_Try it_
Give the lines again exactly as they appear below, from the line with "CataractCoach.com. FACO plus" to the line with "Marketing Director Andy", both included, and only those lines. Leave every picture out.

_Task inputs_
● ● ● ●

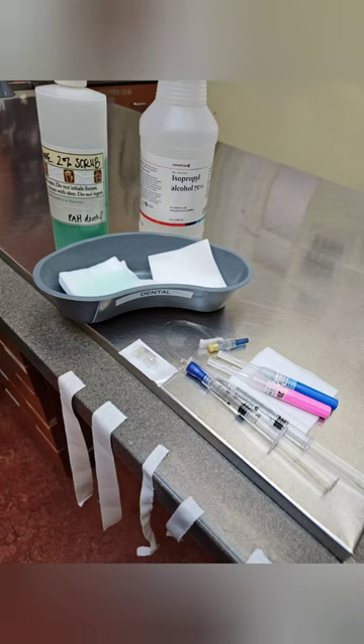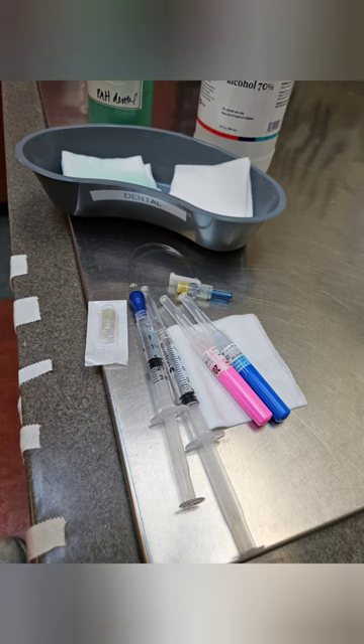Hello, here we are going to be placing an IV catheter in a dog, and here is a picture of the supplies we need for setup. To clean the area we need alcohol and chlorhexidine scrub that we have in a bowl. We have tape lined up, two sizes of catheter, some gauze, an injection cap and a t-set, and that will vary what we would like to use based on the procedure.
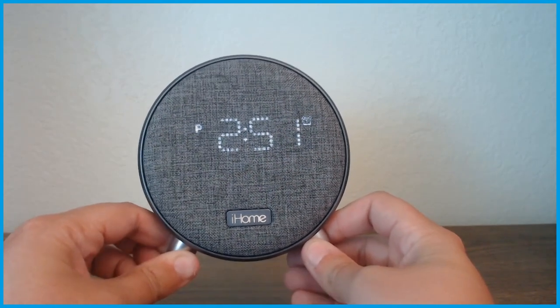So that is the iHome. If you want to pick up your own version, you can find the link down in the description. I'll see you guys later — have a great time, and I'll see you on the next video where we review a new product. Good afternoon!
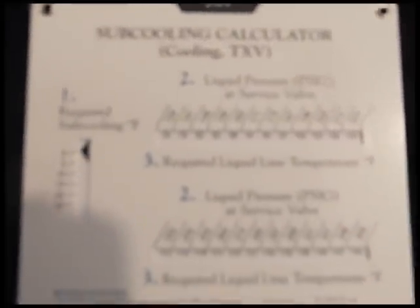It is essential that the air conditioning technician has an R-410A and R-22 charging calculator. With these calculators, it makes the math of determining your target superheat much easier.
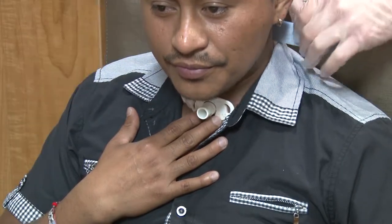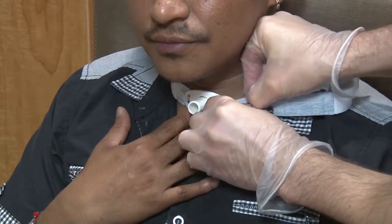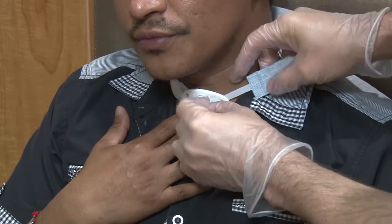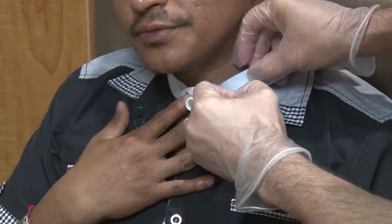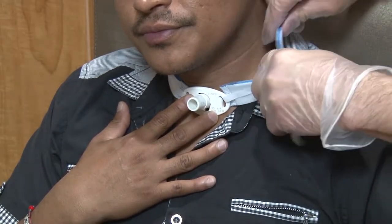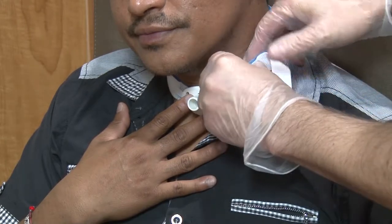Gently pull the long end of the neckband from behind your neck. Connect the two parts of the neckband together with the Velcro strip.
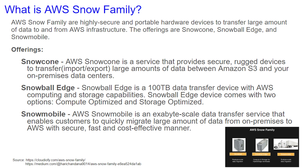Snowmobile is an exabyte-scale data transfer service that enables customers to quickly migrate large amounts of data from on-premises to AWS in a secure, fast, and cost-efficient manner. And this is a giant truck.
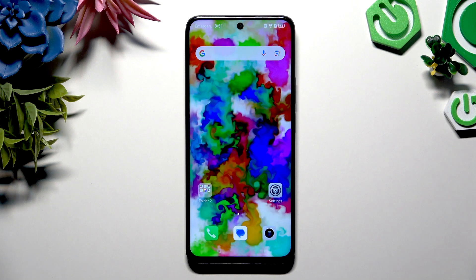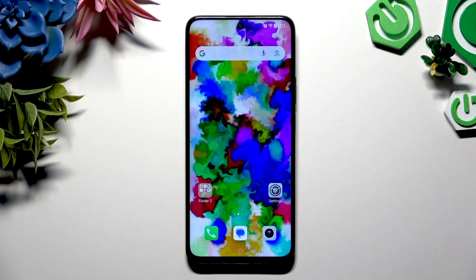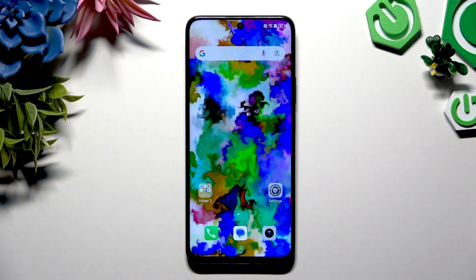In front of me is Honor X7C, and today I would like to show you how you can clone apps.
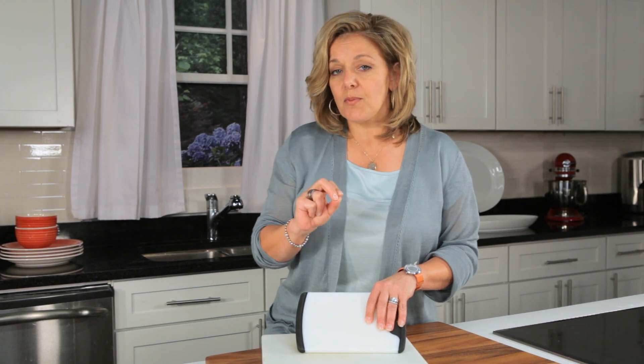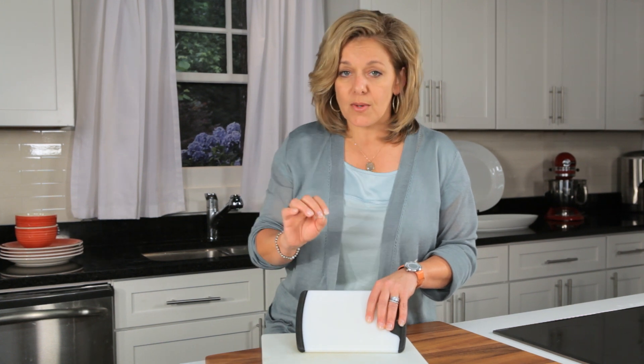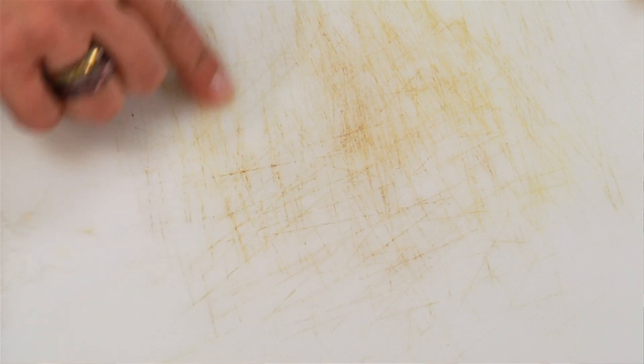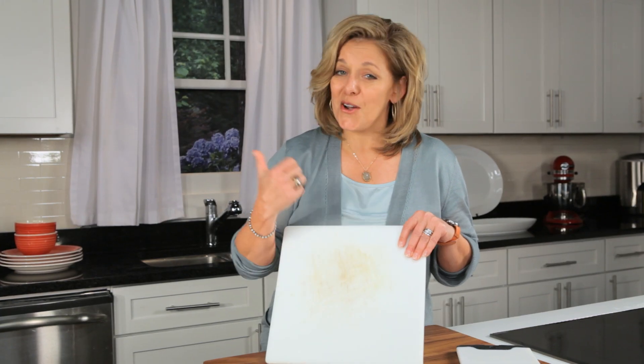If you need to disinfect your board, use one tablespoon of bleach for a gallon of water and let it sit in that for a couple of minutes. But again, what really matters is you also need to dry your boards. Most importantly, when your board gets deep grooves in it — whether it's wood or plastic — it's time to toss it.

● ● ● ●

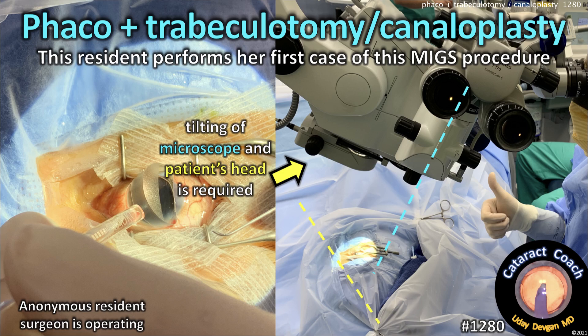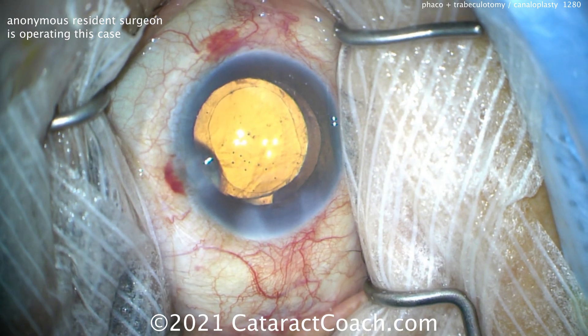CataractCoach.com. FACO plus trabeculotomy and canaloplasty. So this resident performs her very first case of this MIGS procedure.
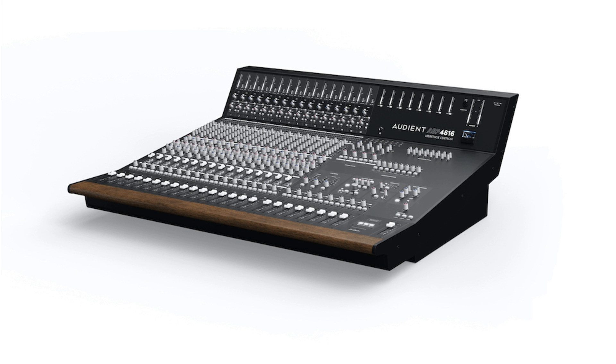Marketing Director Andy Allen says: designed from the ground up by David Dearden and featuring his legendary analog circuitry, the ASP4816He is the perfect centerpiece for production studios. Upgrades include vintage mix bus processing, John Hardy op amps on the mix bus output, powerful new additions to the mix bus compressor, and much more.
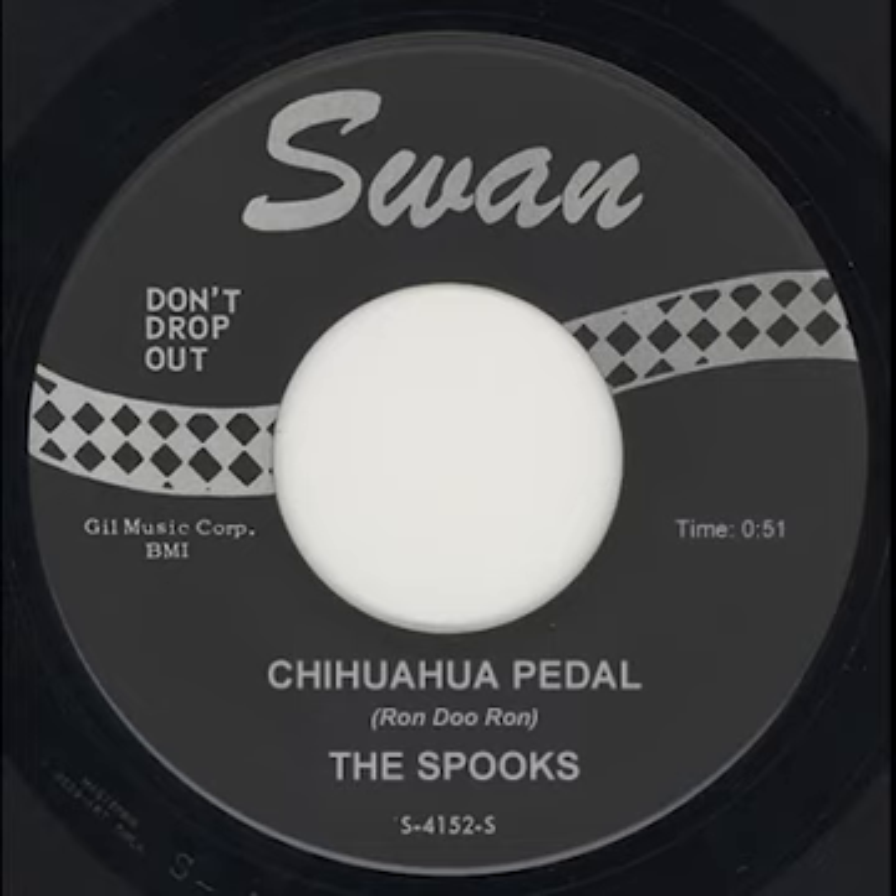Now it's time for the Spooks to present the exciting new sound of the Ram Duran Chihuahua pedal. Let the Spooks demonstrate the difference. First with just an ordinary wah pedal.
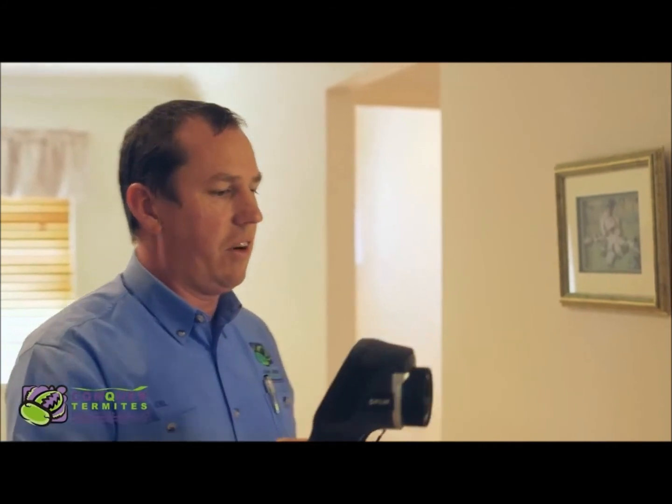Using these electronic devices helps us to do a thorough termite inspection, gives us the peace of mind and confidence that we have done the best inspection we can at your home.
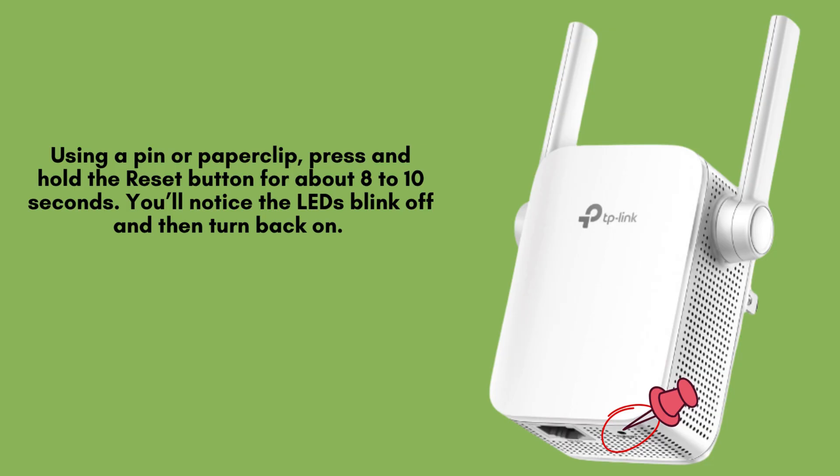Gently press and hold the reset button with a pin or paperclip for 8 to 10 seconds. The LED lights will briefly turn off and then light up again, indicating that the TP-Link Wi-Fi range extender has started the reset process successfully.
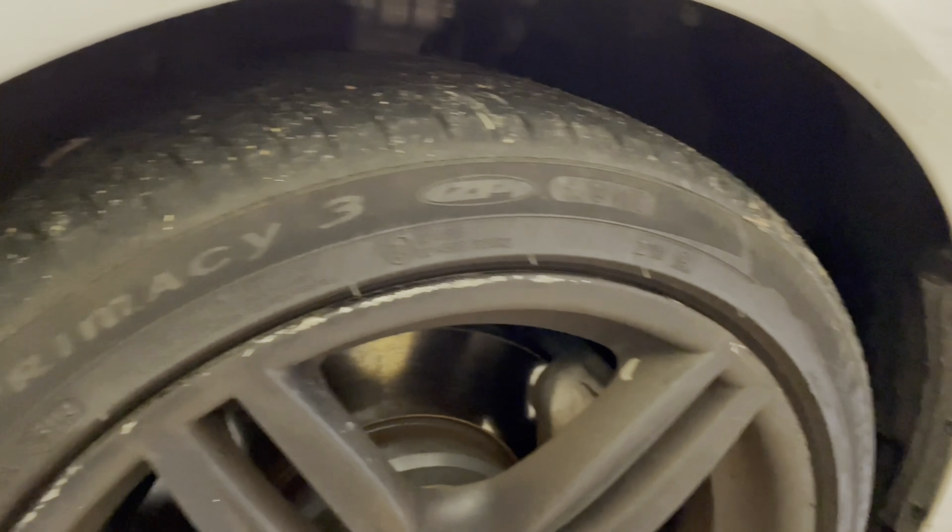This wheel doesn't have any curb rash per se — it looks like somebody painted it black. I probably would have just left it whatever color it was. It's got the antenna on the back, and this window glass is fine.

● ● ● ●

_Exercise output_
CataractCoach.com. FACO plus trabeculotomy and canaloplasty. So this resident performs her very first case of this MIGS procedure.
Marketing Director Andy Allen says: designed from the ground up by David Dearden and featuring his legendary analog circuitry, the ASP4816He is the perfect centerpiece for production studios. Upgrades include vintage mix bus processing, John Hardy op amps on the mix bus output, powerful new additions to the mix bus compressor, and much more.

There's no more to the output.